== Source data ==
-*-

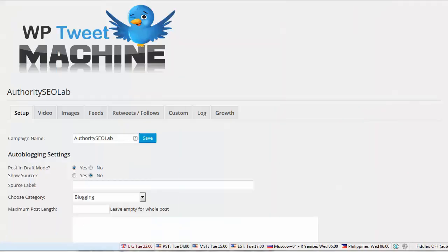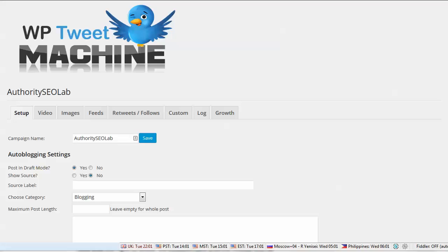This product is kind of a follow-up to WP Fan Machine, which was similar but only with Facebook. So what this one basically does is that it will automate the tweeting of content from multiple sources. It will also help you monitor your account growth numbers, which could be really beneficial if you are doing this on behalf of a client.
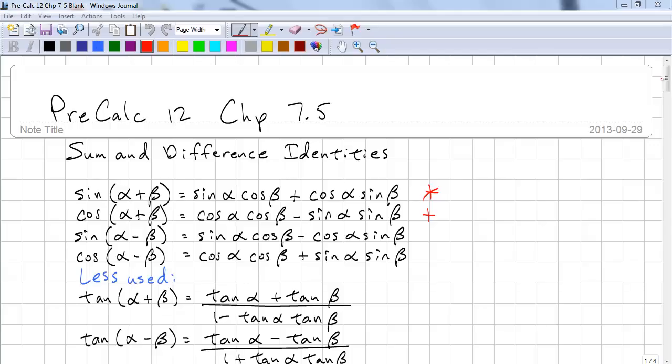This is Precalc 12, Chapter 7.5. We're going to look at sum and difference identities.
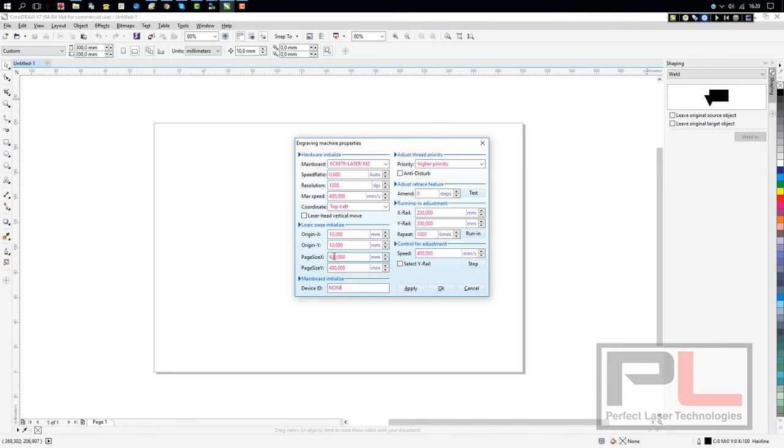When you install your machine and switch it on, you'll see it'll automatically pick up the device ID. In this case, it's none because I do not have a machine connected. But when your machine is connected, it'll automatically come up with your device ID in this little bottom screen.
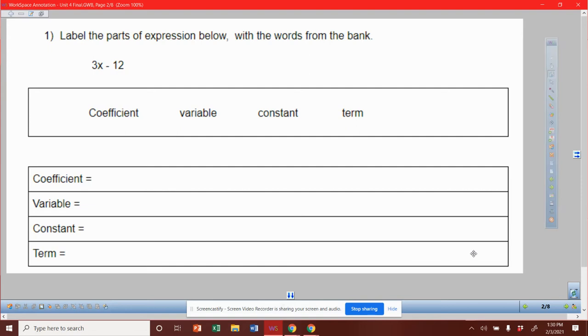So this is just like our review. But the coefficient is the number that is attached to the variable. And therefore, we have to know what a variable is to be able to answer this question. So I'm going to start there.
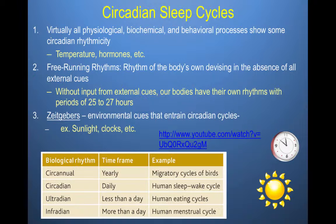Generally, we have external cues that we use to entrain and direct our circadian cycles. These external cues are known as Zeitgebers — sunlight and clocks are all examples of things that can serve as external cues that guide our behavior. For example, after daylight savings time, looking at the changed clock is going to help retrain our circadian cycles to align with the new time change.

-*-

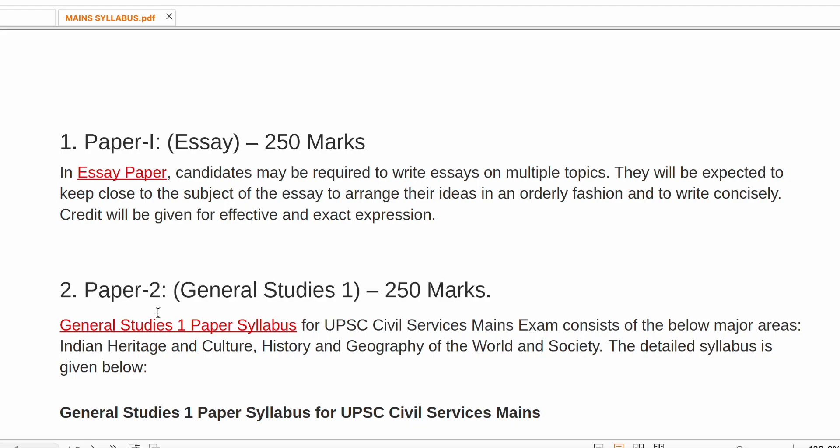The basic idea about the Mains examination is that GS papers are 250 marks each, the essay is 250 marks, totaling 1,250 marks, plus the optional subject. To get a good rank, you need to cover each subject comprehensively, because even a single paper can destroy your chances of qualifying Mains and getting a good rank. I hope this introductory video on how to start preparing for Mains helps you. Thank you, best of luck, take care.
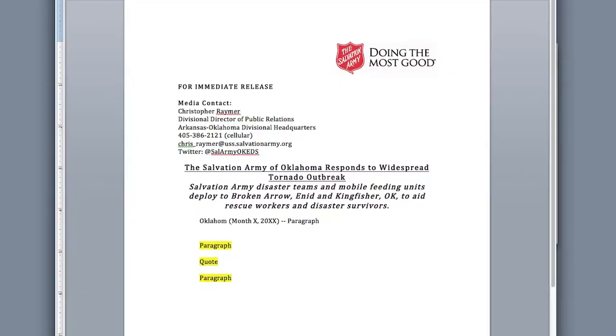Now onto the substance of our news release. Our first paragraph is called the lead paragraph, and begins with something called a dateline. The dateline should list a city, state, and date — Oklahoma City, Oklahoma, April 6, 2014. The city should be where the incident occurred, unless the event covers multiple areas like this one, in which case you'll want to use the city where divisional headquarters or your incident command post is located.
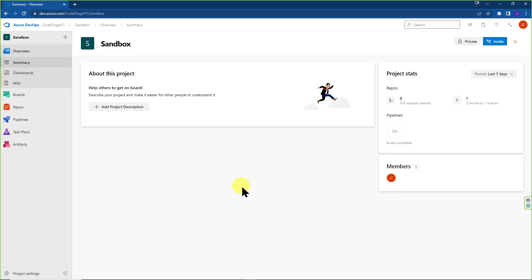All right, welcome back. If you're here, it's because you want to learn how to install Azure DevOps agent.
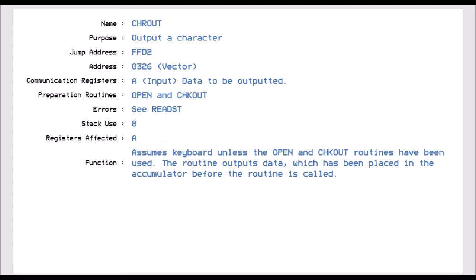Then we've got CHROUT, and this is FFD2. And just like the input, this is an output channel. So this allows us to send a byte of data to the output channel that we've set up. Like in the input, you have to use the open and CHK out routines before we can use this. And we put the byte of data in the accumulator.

-*-

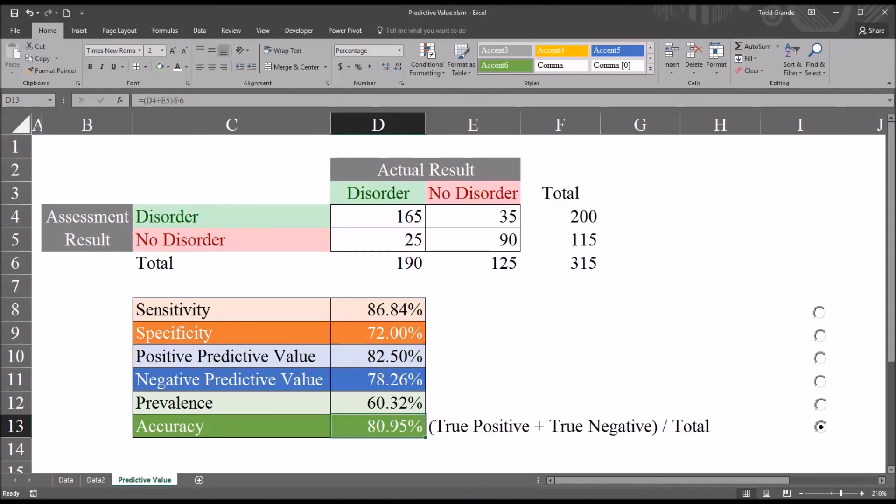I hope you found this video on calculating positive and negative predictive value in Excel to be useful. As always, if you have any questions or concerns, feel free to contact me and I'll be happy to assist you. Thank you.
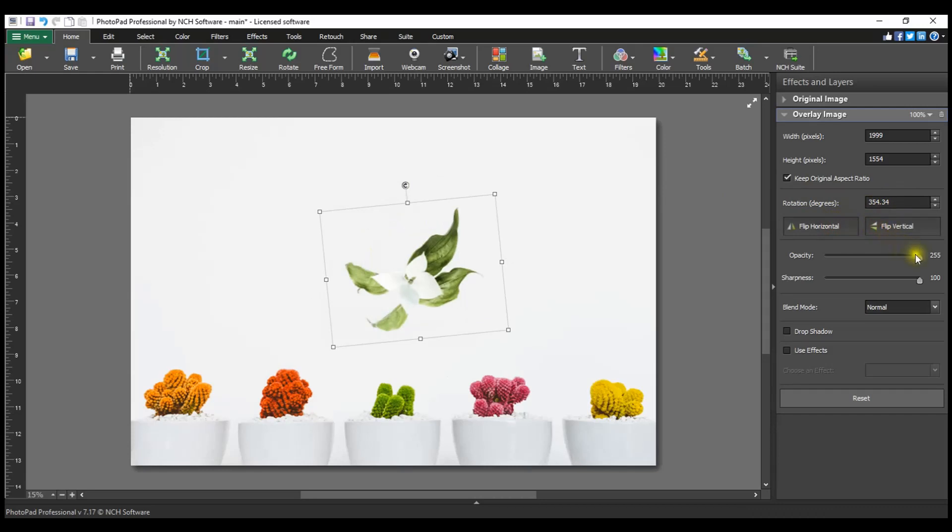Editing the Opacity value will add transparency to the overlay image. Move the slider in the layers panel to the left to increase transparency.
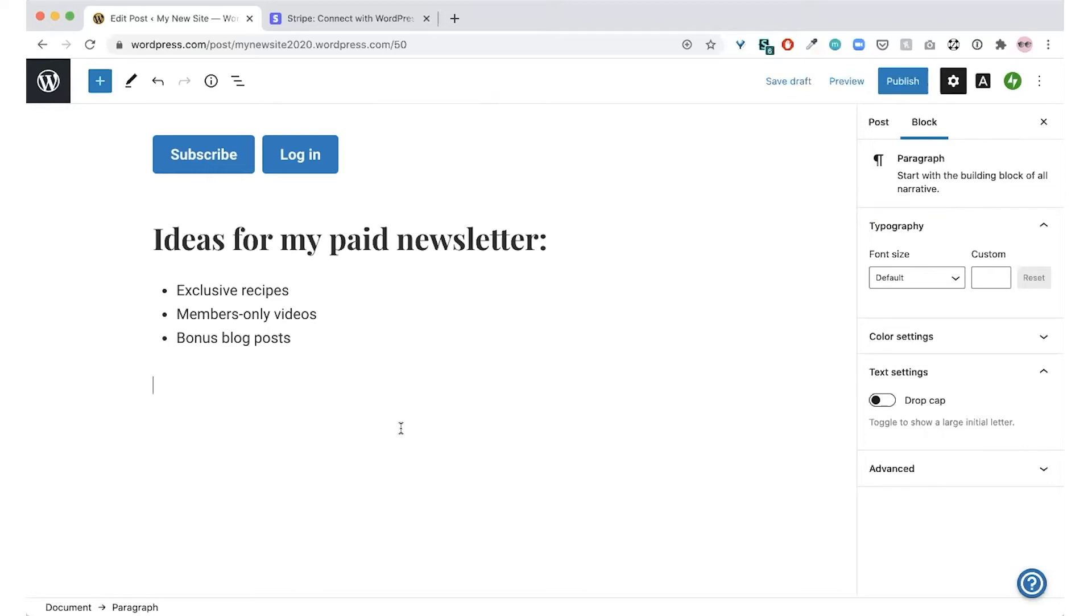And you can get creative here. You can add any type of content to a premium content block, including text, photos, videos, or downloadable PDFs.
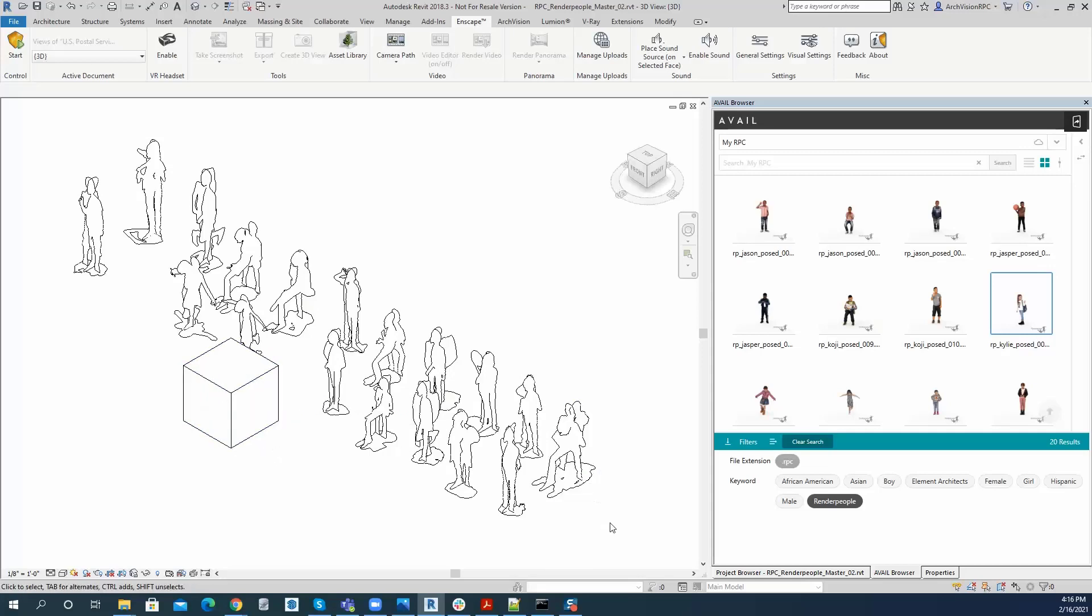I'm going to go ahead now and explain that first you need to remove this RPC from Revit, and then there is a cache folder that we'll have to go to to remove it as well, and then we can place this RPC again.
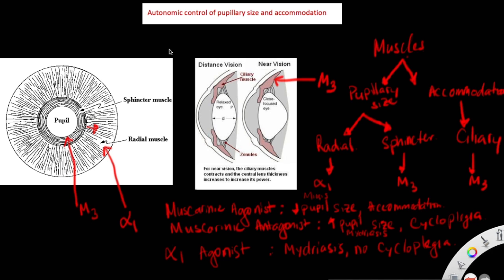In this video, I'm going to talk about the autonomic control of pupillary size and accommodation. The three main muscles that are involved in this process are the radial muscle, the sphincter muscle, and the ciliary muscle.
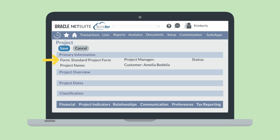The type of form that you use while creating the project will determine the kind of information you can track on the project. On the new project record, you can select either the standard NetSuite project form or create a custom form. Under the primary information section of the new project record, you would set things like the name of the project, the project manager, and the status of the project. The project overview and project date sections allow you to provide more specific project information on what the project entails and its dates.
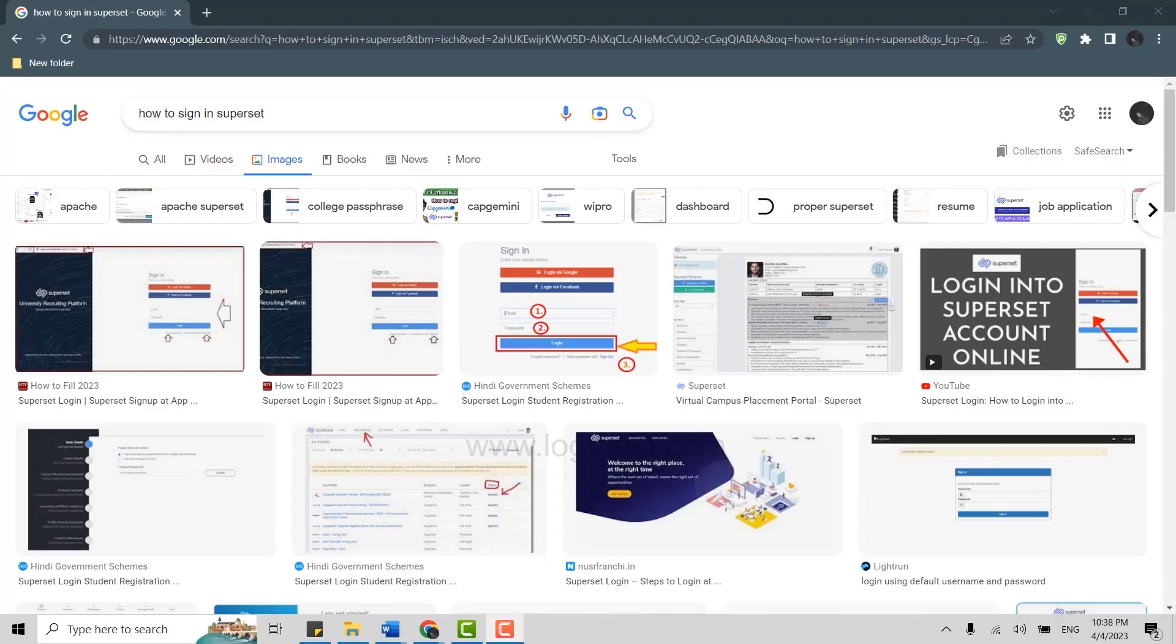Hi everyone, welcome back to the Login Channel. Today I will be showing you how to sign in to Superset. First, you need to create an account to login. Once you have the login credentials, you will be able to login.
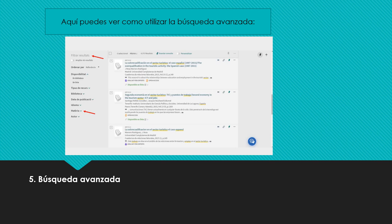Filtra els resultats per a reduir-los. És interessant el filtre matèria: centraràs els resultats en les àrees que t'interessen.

-*-

Starting at the line containing "Now onto the" and stopping at the line containing "Then we've got", output every line above exactly, both ends included, with pictures omitted.

Now onto the substance of our news release. Our first paragraph is called the lead paragraph, and begins with something called a dateline. The dateline should list a city, state, and date — Oklahoma City, Oklahoma, April 6, 2014. The city should be where the incident occurred, unless the event covers multiple areas like this one, in which case you'll want to use the city where divisional headquarters or your incident command post is located.
All right, welcome back. If you're here, it's because you want to learn how to install Azure DevOps agent.
Then we've got CHROUT, and this is FFD2. And just like the input, this is an output channel. So this allows us to send a byte of data to the output channel that we've set up. Like in the input, you have to use the open and CHK out routines before we can use this. And we put the byte of data in the accumulator.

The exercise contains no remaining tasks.